▶ _Material shown_
※ ※ ※

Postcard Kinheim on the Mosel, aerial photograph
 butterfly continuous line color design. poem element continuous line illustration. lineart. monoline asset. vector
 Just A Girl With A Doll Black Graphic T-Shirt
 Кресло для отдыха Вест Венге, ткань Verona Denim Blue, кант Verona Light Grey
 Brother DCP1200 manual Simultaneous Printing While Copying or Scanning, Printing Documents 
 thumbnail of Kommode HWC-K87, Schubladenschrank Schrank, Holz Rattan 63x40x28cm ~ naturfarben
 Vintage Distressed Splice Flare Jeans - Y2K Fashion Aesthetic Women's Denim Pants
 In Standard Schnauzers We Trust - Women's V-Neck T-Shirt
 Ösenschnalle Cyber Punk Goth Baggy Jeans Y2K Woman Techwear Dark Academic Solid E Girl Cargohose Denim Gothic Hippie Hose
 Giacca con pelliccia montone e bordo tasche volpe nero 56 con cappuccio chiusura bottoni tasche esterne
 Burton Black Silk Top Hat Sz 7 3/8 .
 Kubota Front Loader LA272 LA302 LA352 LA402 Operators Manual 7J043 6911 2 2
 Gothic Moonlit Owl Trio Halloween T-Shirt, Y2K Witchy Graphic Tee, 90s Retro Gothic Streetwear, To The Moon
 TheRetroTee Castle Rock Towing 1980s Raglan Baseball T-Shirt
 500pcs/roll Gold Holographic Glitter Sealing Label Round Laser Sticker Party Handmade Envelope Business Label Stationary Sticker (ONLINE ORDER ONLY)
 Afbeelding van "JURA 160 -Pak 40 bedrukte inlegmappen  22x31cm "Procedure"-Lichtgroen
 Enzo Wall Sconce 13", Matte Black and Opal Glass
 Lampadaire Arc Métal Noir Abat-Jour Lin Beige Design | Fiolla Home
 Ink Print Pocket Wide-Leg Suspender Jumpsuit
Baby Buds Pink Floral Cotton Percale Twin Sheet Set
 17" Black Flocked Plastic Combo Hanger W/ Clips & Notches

※ ※ ※

▶ _What to produce_
Search the entries for the word "Girl" and copy every line that holds it.

▶ _Answer space_
 Just A Girl With A Doll Black Graphic T-Shirt
 Ösenschnalle Cyber Punk Goth Baggy Jeans Y2K Woman Techwear Dark Academic Solid E Girl Cargohose Denim Gothic Hippie Hose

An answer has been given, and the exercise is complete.